- _TASK TO CARRY OUT_
In the entries below, find the line with "Billie Eilish enthüllt" and the line with "DecorBites™ pot pendant". Reproduce those two lines and every line between them exactly, and nothing more.

- _DATA SHOWN_
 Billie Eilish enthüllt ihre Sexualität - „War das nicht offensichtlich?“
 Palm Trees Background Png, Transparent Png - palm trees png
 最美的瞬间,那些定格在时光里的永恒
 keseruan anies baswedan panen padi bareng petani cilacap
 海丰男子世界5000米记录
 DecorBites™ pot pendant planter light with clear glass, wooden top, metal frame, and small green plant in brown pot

==

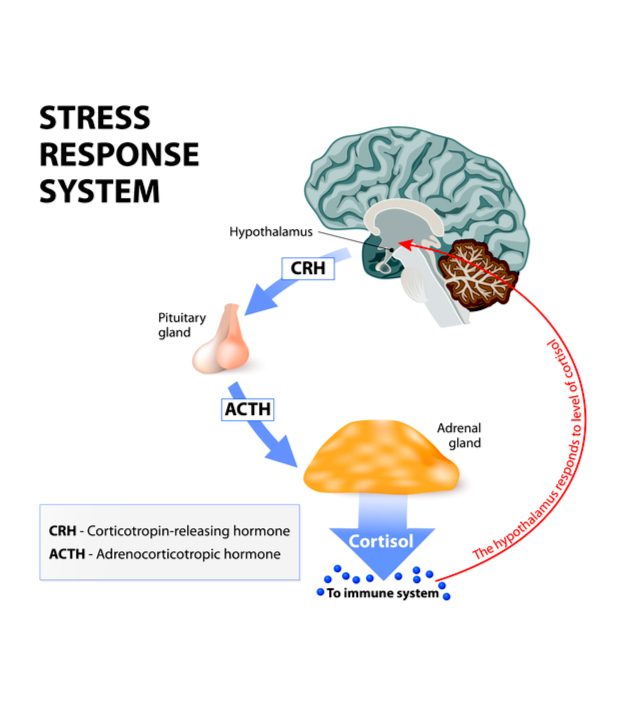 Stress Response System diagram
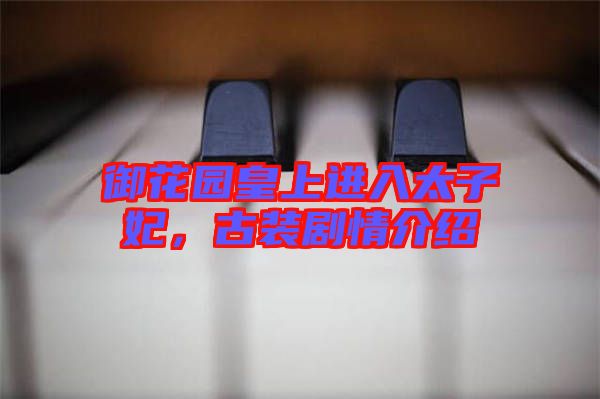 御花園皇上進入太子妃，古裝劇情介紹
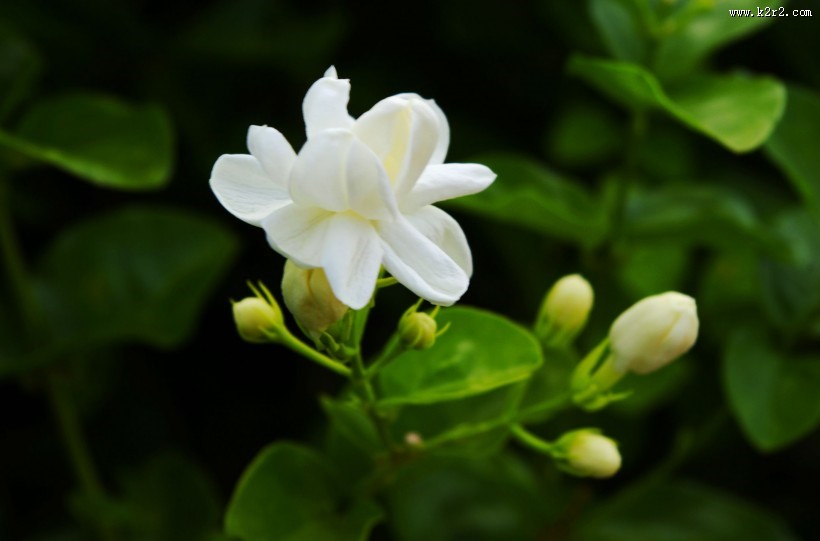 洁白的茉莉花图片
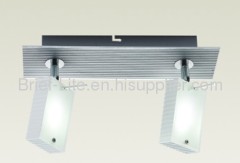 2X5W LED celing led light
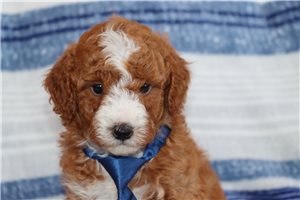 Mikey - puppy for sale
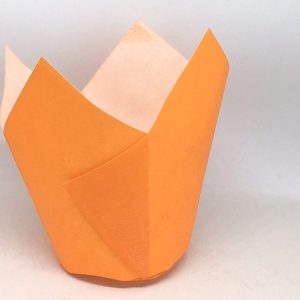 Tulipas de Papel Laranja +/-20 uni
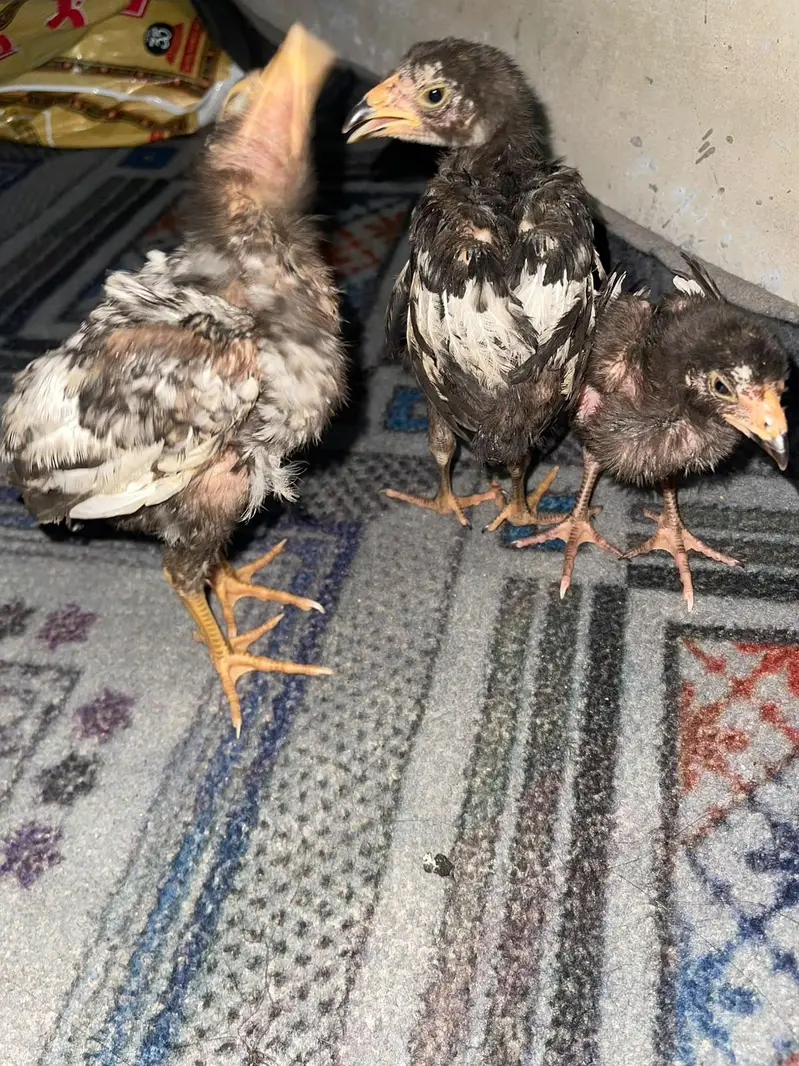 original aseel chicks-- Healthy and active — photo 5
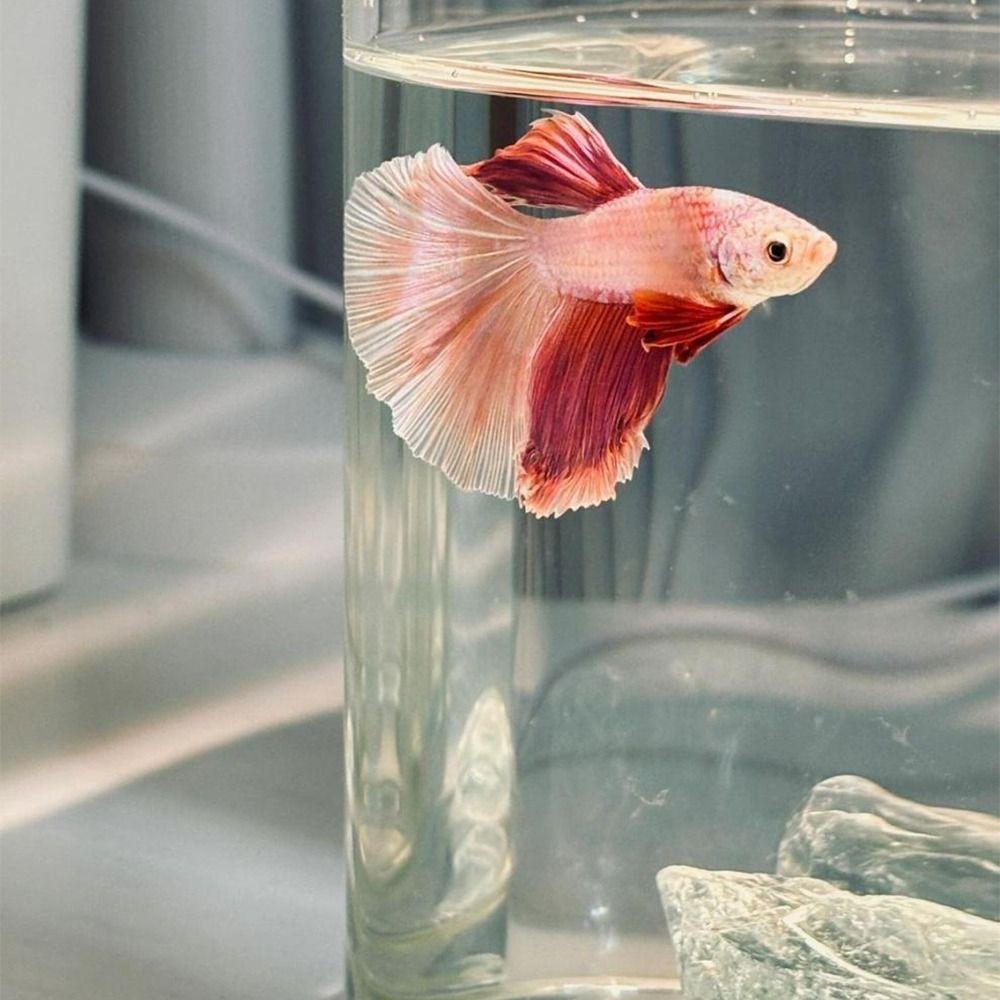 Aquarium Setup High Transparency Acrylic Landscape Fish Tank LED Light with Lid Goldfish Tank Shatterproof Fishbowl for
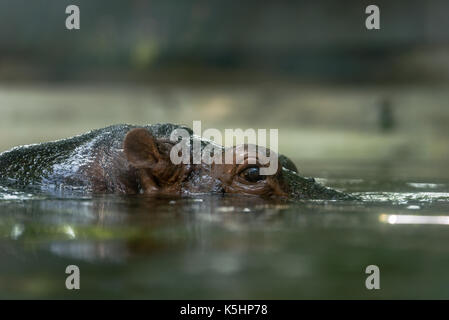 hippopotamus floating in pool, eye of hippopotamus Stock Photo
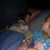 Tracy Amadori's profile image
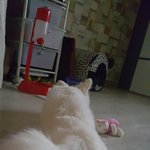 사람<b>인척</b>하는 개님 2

...

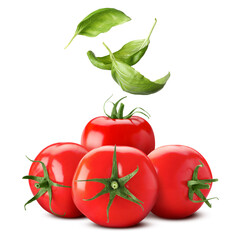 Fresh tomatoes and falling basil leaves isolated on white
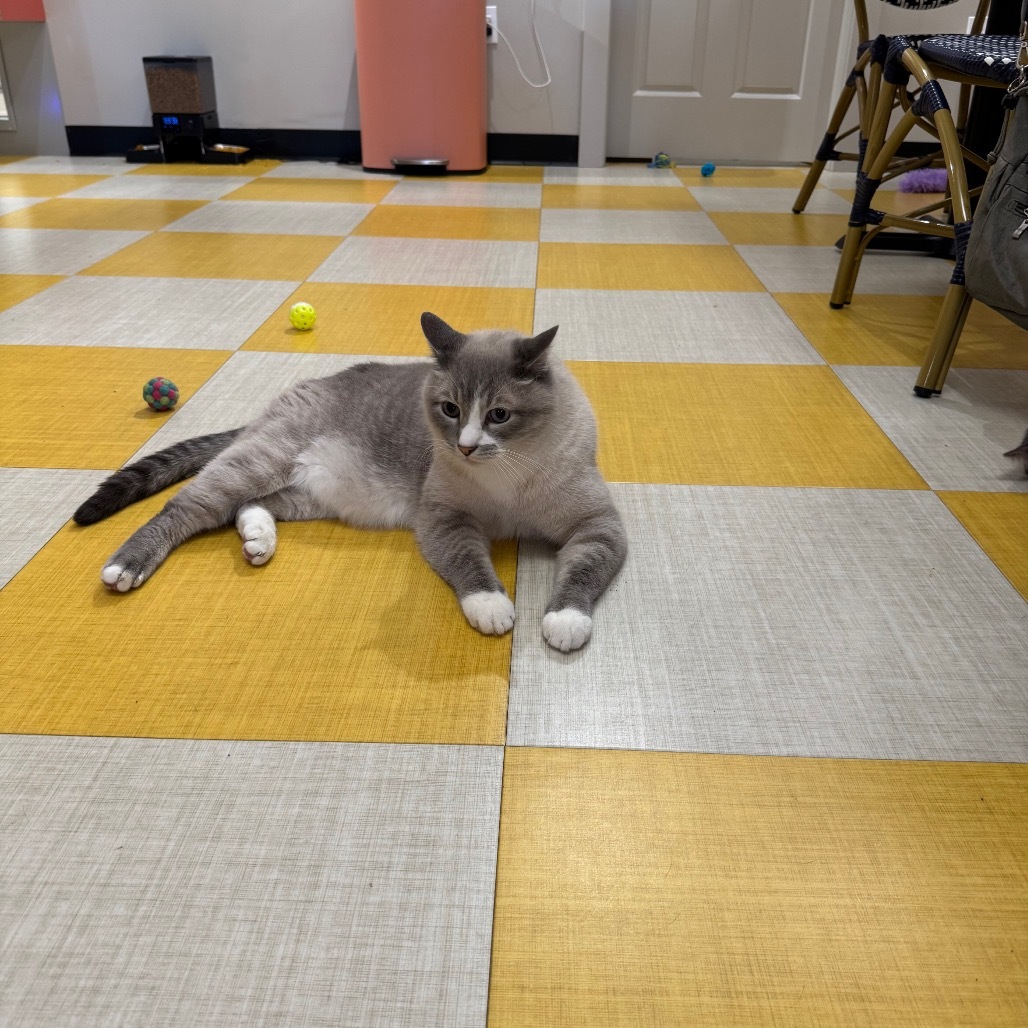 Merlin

- _TASK ANSWER_
 Billie Eilish enthüllt ihre Sexualität - „War das nicht offensichtlich?“
 Palm Trees Background Png, Transparent Png - palm trees png
 最美的瞬间,那些定格在时光里的永恒
 keseruan anies baswedan panen padi bareng petani cilacap
 海丰男子世界5000米记录
 DecorBites™ pot pendant planter light with clear glass, wooden top, metal frame, and small green plant in brown pot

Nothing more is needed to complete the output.